Леттристы нападали на Андре Жида («старая сука», «педик»), на благотворителя Изу – Полана («гадина»). Андре Бретона яростно обзывали болтуном, истекающим «беспомощным гневом», истерически утверждали его место в прошедшем времени, унесшим его самого: «он продался, продался сам и продал свое поколение – всякой вере, всякой надежде, всякому бутику. Он один не был одурачен – на том и стоит». Экзистенциализм был объявлен тусклой, вульгарной смесью Ницше, Гуссерля, Хайдеггера и Ясперса – не самое ошибочное определение. Шла культурная война.

Декларация Изу о том, что его цель — стать богом («но – отметил он в 1958 году – без отказа от таких удовольствий как сомнение и скептицизм»), не была шуткой; не шутил он, заявляя, что творящий новые формы также становится богом. Как дада вызывал тысячелетних духов, так и Изу возродил гностическое верование о тех, кто приближается к истине – именно они, и никто другой, — становятся Богами Истины и наследуют Землю. «Он был Мессией – говорит Жан-Поль Кюртай (сегодня он доктор и поэт, а в конце 60-х состоял в группе Изу) – он обещал рай: экономика будет рогом изобилия, искусство – беспрестанным волнением, жизнь – чудом».

Так свидетельствует паж, хотя трудно поверить, что кто-то в это верил – но, так или иначе, многие верили. Дело не в том, чтобы воспринять заявления Изу буквально – хотя многие неуравновешенные из числа леттристов, такие, как Померан, именно так и поступали – но понять, понять в контексте послевоенного конформизма и преобладающей художественной энтропии («Сегодня время – говорил Бретон Изу – слагать легенды») всю мощь экстремальных воззваний Изу. Он не был дадаистом, он был политиком. В его начальную пору важным было то, что он умел превратить в фанатика всякого – особенно молодого человека, удостоверившегося в своей непризнанной гениальности. В любое время это означает: множество молодых людей; в Париже конца 40-х альтернативой леттризму оставалось только слоняться у «Двух Маго» в стремлении выяснить, какие сигареты сегодня предпочитает Симона де Бовуар. Спустя несколько лет Франсуаза Саган и Дж. Д. Сэлинджер предложили молодым людям жалость к самому себе и самолюбование. Изу же предложил им героизм, товарищество и что, вероятно, самое важное: возможность увидеть свое имя напечатанным. Сам Изу, враг любого шаблонного рассуждения, исписывал сотни, затем тысячи страниц с разъяснениями своих теорий; произведения его последователей, трактаты и памфлеты о любом жанре искусства наполнялись любым типом графики, схемами, уравнениями, если не по уровню сравнимыми с основополагающими, то уж точно – по схоластической концентрации и кабалистическому герметизму.

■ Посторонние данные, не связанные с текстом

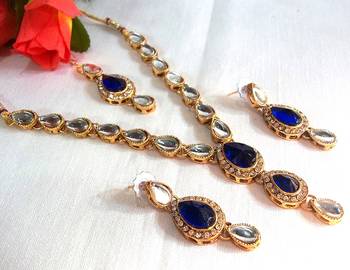 Blue Tika Kundan Necklace Set 1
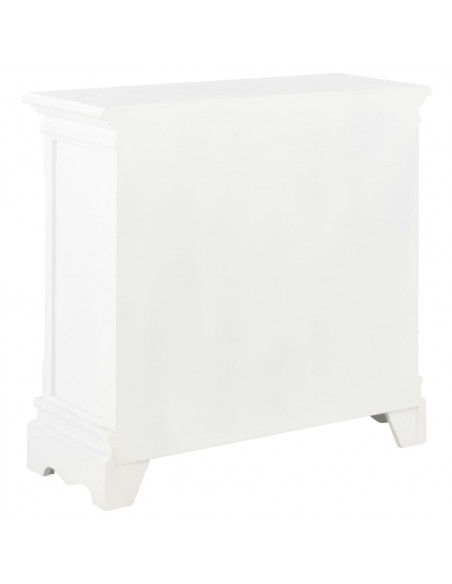 Credenza Bianca 70x28x70 cm in Legno Massello di Pino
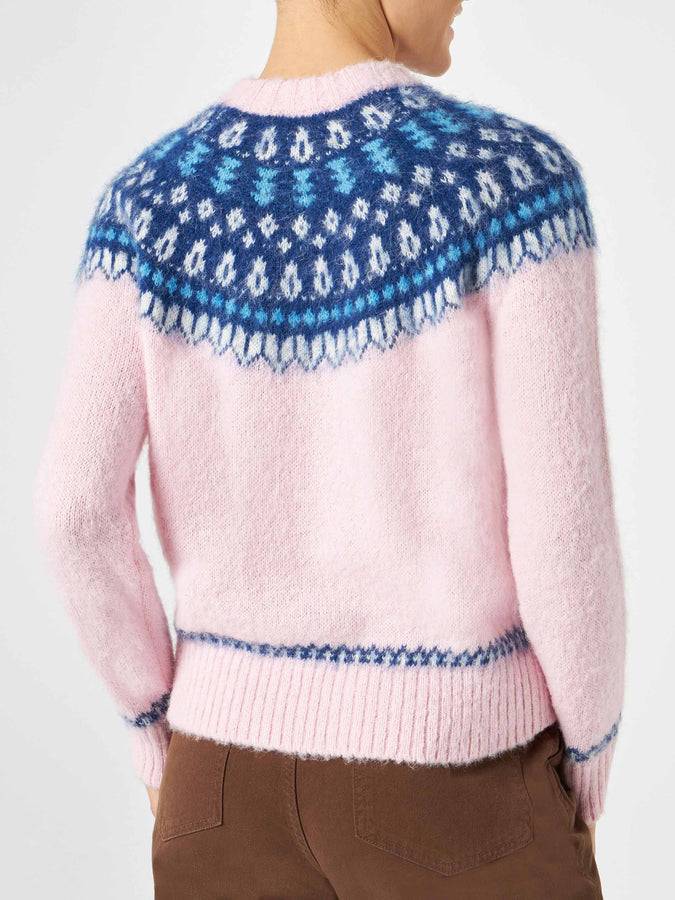 Mc2 Saint Barth Maglia Da Donna Rosa Girocollo In Jacquard Nordico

Не только слова Изу – не меньшей силой обладали его кудри, ровно ниспадающие со лба. «Даже сегодня – говорила Мишель Бернштейн о фотографии Изу на ее стене – когда мои племянники приходят ко мне в гости, они всегда меня спрашивают «кто эта поп-звезда?» Глубинным посланием Изу было то, что мир принадлежит молодым — если они только смогут это осознать.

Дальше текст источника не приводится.